The mathematical description of the peak model is available in detail in the documentation.
The algorithm as it is implemented includes a set of decision rules for selecting the best fit and modifications to the design matrix that were not part of the initial publication and are as of now undocumented.
The qBinning algorithm utilises the centroids generated by qCentroids to
produce extracted ion chromatograms. Like qCentroids, it requires no user
parameters. Binning allows you to reduce the amount of centroids considered
in future analysis by roughly 30%. The current qBinning program is based
on the algorithm presented by Reuschenbach, Renner et al. [https://doi.org/10.1021/acs.analchem.3c01079],
but implements additional steps for finding the highest amount of statistically
sound bins. Additionally, the prediction interval is used instead of the mass error.
The function fitted to the simulated data has also been changed to provide even higher accuracy.
For details on the implementation, refer to src/qalgorithms_qbin.cpp. The method
used to determine the critical value for the used test is described in the documentation.
The qPattern algorithm (as of now unpublished, name subject to change) is a newly
developed componentisation strategy to group features produced with qPeaks. It uses
linear regressions to estimate shape similarity of features and group related features
into components.
While we minimize overall library usage, some functionality is only possible because of libraries written by others under permissive open-source licenses. In alphabetical order:
- Cephes, used for calculating the F statistic.
- libcerf, used for calculating the error functions.
- pugixml, used to read in mzML documents.
- simdutf, used for fast, vectorised decoding of base64 in mzML.
- zlib, for decompression of mzML binary data.
With the exception of zlib, we directly include the full or partial source code of used libraries (also called "vendoring"). This should reduce the potential for compilation failures to almost zero, because zlib is included on all systems we expect to be used for data analysis of spectra in any context. The choice to use system libraries for zlib was made because compression and decompression are the only highly security-relevant parts of this program and because from a performance perspective, faster libraries on a system may override the ZLIB environment variable.
For seeing concrete goals check out the todo list. If you are interested in solving one of these issues, you are welcome to open a pull request for one of these items.

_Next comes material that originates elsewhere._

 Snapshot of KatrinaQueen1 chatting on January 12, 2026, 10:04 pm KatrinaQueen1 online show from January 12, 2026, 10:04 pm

Our goal is to provide a specialised, high-precision tool for analytical data processing
of HRMS data. All current and future additions to qAlgorithms are developed with the
goal of reducing the potential for human error and increasing result reliability.
The current main priority is establishing a comprehensive validation strategy for our peak fitting and overall feature detection workflow.
qAlgorithms - Transforming data into insight.